Just as Abraham sent out his most trusted servant to find a bride for his son God the Father has sent his Holy Spirit into the world to take a a bride for Christ a people for his name, chosen with the same particular care and attention.
As the church was chosen in him before the foundation of the world, Rebekah’s marriage was planned long before she knew about it. Like the Christian, God chose to make her a necessary part in bringing about the completion of his purpose. She was to share in the glory of the son, she learned of the son through the emissary of the father, she left everything to go to the son, loving him before she saw him and rejoicing in him. Rebekah journeyed through wilderness to meet him, guided by the servant and she was loved by and finally united to the son.
Isaac, like Christ, was promised long before his coming, finally appeared at the appointed time, was conceived and born miraculously and assigned a name by God before his birth. He was obedient even to death when he obediently followed his father up mount Moriah when Abraham would have sacrificed him, in a way he was brought back from the dead and ultimately would be the head of a great nation to bless all peoples.
God’s Marriage is designed for our, holiness (keep us from sexual sin), happiness (and companionship, to unite us together as one) and procreation but all three have been subverted to a greater or lesser degree. Children are seen as an imposition or worse and Western culture has turned hedonism and sexual sin into an art form.
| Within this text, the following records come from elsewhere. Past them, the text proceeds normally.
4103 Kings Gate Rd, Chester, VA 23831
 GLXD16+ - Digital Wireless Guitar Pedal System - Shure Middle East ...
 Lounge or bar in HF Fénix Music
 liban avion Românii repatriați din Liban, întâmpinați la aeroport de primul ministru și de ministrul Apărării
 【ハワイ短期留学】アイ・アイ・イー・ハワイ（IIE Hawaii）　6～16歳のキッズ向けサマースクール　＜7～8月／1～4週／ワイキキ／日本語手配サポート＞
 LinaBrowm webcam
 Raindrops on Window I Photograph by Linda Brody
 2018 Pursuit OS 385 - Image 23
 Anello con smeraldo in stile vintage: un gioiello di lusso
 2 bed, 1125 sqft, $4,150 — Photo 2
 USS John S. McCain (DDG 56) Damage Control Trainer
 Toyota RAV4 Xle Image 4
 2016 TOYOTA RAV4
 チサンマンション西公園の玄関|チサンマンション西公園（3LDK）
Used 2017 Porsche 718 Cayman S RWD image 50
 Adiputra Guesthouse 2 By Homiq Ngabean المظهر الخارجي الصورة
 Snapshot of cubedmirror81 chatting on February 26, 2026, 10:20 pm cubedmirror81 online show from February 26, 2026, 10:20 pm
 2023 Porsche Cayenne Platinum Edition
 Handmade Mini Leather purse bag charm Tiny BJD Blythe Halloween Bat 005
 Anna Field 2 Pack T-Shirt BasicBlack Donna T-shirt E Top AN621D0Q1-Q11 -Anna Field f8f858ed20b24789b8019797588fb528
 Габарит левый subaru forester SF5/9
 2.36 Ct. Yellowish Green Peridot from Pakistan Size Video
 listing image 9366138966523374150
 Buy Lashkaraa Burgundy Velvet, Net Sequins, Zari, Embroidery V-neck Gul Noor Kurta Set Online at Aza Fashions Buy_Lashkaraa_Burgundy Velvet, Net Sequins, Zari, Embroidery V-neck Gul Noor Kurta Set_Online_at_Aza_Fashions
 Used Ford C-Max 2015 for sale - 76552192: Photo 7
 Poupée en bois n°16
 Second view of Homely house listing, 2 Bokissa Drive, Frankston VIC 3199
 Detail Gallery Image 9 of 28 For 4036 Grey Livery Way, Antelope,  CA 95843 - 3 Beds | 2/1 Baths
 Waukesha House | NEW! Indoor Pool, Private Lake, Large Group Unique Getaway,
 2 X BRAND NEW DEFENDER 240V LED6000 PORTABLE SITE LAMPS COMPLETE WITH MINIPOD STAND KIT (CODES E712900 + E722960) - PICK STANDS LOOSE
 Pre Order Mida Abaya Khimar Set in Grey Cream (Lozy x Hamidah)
Explicit sexuality is the energy behind much of our economy, the material for entertainment, the substance of art, the enticement of advertising. Those who believe that sexual intercourse should be limited to marriage are dismissed as moral throw-backs, hopelessly outdated creatures who simply have no clue about the modern world. (Al Mohler)
Above all though marriage is designed for God’s glory. Our main purpose as God’s creation is to glorify him — and marriage is a means of His greater glory. If you take away God’s part in marriage, if you remove that miraculous union of man and woman becoming one flesh then you take away not only the foundation, but it’s real purpose. All you’re left with is the fluff. It becomes selfish and inward looking instead of upward looking.
Jesus lays out plainly his opinion of divorce and it’s consequences for his disciples in case there were any misunderstanding from his words to the Pharisees:
Anyone who divorces his wife and marries another woman commits adultery against her. And if she divorces her husband and marries another man, she commits adultery. (vs 11-12)
The bond of marriage is not made by man but by God and he decrees that it’s a life-time deal. Obtaining a bit of paper to legally separate does not make any difference to that. Waving divorce papers in God’s face is not going to change his mind or change the consequences and yet we have this culture of divorce where a marriage is broken as easily as any other legal contract.
It’s created a cycle of destruction; as it becomes easier to divorce, getting married becomes less of a commitment, after all there’s always a way out.
Those words of Jesus to his disciples in verses 11 and 12 are hard to take in, some might even say they’re uncaring and cruel. There’s an uncountable number of lives that have been damaged, hearts that have been bruised by marriage breakdowns and this strong line of Jesus on the matter appears to condemn and heap yet more distress on to those lives.
But in the very next paragraph Mark reminds us of the real victims of divorce
“Let the children come to me; do not hinder them, for to such belongs the kingdom of God” (vs 14)
A legal form of divorce is necessary in a fallen world of hard hearts but that doesn’t mean that God has to pretend that it’s OK.